An aide familiar with the talks said Pelosi rejected an administration offer of a four-month extension of the benefit at $400 per week, combined with additional provisions for particularly hard-hit businesses and a shield against lawsuits for businesses, schools and other entities that reopen as the pandemic continues to rage. The aide wasn’t supposed to divulge contents of the talks and spoke to The Associated Press on condition of anonymity.
Pelosi, brimming with confidence, offered a tutorial on negotiating Friday.
“There are two things to remember. One is the person you’re negotiating with has to want something” for the American people, Pelosi said. “And they have to know you will walk” if you don’t get a good enough agreement.
Republicans in the Senate had been fighting to trim back the $600 jobless benefit in the next coronavirus package, but their resolve weakened as the expiration of the popular benefit neared — and as Trump undercut their position by signaling he wants to keep the full $600 benefit for now.
“We want a temporary extension of enhanced unemployment benefits,” Trump said at the White House on Thursday. “This will provide a critical bridge for Americans who lost their jobs to the pandemic through no fault of their own.”
On Friday, Trump took to Twitter to explicitly endorse extending the $600 payment and criticizing top Senate Democrat Chuck Schumer.
“Very disappointed in @SenSchumer for blocking the temporary extension of the $600 unemployment benefits. The Do Nothing Democrats are more interested in playing politics than in helping our deserving people,” Trump tweeted.
There continues to be agreement among Washington’s top power players that Congress must pass further relief in the coming days and weeks.
“Do we want to continue to come to an agreement? Absolutely,” Schumer said. “But it’s got to meet the gravity of the problem.”
Democrats hold a strong negotiating hand — exploiting GOP divisions over whether more aid is even needed — and they are expected to deliver a necessary trove of votes.
Both sides say the talks have not produced much progress, but they could be nearing a critical phase over the weekend and into next week.

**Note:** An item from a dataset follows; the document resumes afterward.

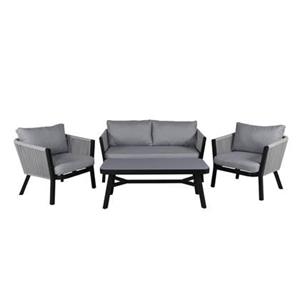 Fjôrd  Tuinset Zwart Lounge - Aluminium - Virya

The pending COVID-19 rescue bill, the fifth since the pandemic has struck, is likely the last one before the November election.
Republicans controlling the Senate have kept the relief measure on “pause” in a strategy aimed at reducing its price tag. But as the pandemic has worsened in past weeks — and as fractures inside the GOP have eroded the party’s negotiating position — Republicans have displayed some greater flexibility.
“The Democrats are playing for Nov. 3, and we’re playing for the good of the people. It is a disgrace that they are not negotiating,” Trump said Friday. “I think it’s a bad political game. I think it hurts them.”
Also at issue in the negotiations is an almost $1 trillion Democratic demand for funding for state and local governments, a second $1,200 direct payment to most American adults, more than $100 billion to help schools reopen and a liability shield measure that is essential to Senate Majority Leader Mitch McConnell, R-Ky.
Meadows played a role in killing an increase in food aid during talks on a $2 trillion relief bill in March, but Democrats are pressing hard for a boost in food stamp benefits. Republicans added $20 billion for agribusinesses but nothing for greater food stamp benefits.
“Traditionally we’ve had a partnership between farms and families, and they’ve consistently broken that,” said Sen. Debbie Stabenow of Michigan, the top Democrat on the Senate Agriculture Committee.